The schematic structure of photonic neural network integrated with nonlinear accelerator, which generates different nonlinear activation functions by programming. (ECU: Electrical Control Unit; PCM: Phase Change Material; MZI: Mach–Zehnder Interferometer). Image Credit: Zefeng Xu

Despite being accelerated by Graphics Processing Units (GPU), Application-Specific Integrated Circuits (ASIC), and Field-Programmable Gate Array (FPGA) chips, ANN applied in the real world is constrained by low calculation speed, high energy consumption, and a few computing parallelisms.

According to one tutorial, “Rise of the learning machines” from Nature Photonics, “Photonic neuromorphic computation appears set to offer huge opportunities” to address this problem.

However, as Professor Aydogan Ozcan, Chancellor’s Professor at the University of California, Los Angeles (UCLA), emphasized in his Q&A titled “Machine learning with light,” the implementation of effective nonlinear activation functions is a significant obstacle to successful photonics integration.

Challenges do exist for all-optical implementations due to lack of highly efficient and practical nonlinear optical processes that can serve as activation functions for large numbers of nodes.

Aydogan Ozcan, Chancellor’s Professor, University of California, Los Angeles

As a result, numerous research projects have been created in an effort to find an effective solution for photonic nonlinear activation functions.

A group of researchers from the Department of Electrical and Computer Engineering at the National University of Singapore (NUS), Singapore, led by Professor Aaron Voon-Yew Thean, Dean of the College of Design & Engineering at NUS, have developed a novel photonic neural network accelerator using a non-volatile Opto-Resistive RAM Switch to attain programmable nonlinear activation functions.

The innovative Opto-Resistive RAM Switch, a coupler, a Mach-Zehnder interferometer with phase shifters in both arms, and an electrical control unit make up the optical-electrical hybrid architecture of the photonic neural network accelerator.

The main accelerator component, the MoS2-based Opto-Resistive RAM Switch, was initially developed and refined to provide outstanding linearity between input optical power and switching voltage.

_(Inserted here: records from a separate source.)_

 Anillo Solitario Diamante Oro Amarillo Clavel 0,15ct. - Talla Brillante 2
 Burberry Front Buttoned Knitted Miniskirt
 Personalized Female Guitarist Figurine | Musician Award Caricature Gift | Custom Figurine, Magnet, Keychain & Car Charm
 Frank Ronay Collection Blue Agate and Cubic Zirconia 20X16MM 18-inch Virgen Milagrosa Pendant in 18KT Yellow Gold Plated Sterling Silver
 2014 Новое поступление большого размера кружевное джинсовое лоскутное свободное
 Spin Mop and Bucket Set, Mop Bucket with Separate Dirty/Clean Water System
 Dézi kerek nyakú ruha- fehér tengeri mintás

Additionally, the Opto-Resistive RAM Switch can be used due to its nonlinear switching, circumventing the constrained linear response in typical photonic components such as conventional photodetectors. For the first time, the photonic neural network also uses two-dimensional material.

The accelerator achieves superior programmability when combined with finely adjusted phase shifters and an electrical control unit. This allows it to be used to accurately represent various nonlinear activation functions, such as sigmoid, softplus, and clamped Rectified Linear Unit (ReLU). These play a crucial role in the acceleration of ANN.

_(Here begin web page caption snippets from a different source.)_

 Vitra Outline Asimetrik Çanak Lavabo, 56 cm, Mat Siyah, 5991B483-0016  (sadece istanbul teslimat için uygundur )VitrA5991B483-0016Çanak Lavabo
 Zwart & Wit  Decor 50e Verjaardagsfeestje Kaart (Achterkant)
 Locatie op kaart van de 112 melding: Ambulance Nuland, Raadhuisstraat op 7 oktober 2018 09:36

On an MNIST handwritten digit recognition task, the accelerator has been successfully demonstrated in an in-situ, full photonic neural network. Comparing the newly built accelerator to other advanced designs, the team achieved a significant accuracy of 91.6%, drastically lowered average power consumption by up to 20 times, and reduced the hardware footprint by nearly 40%.

The reported architecture offers new pathways for developing in-situ photonic neural networks for future edge AI, smart cities, automated driving, and supercomputer due to its extremely high efficiency and computing density.

There is a search for more efficient optoelectronic devices to enable photonic neuromorphic computing. The key components are non-volatile analog switch and thresholding device. Here is a perfect proposal of devices with novel materials that can enable them.

Aaron Voon-Yew Thean, Dean, College of Design & Engineering, National University of Singapore

Zefeng Xu, a graduate student at NUS and a member of Professor Thean’s lab who is concurrently pursuing a Ph.D. and an MBA, is the study’s first author.

Photonics could revolutionize artificial intelligence and motivate a huge emerging market.

Zefeng Xu, Study First Author and Graduate Student, National University of Singapore

Journal Reference

Xu, Z., et al. (2022) Reconfigurable nonlinear photonic activation function for photonic neural network based on non-volatile opto-resistive RAM switch. Light Science & Applications. doi:10.1038/s41377-022-00976-5.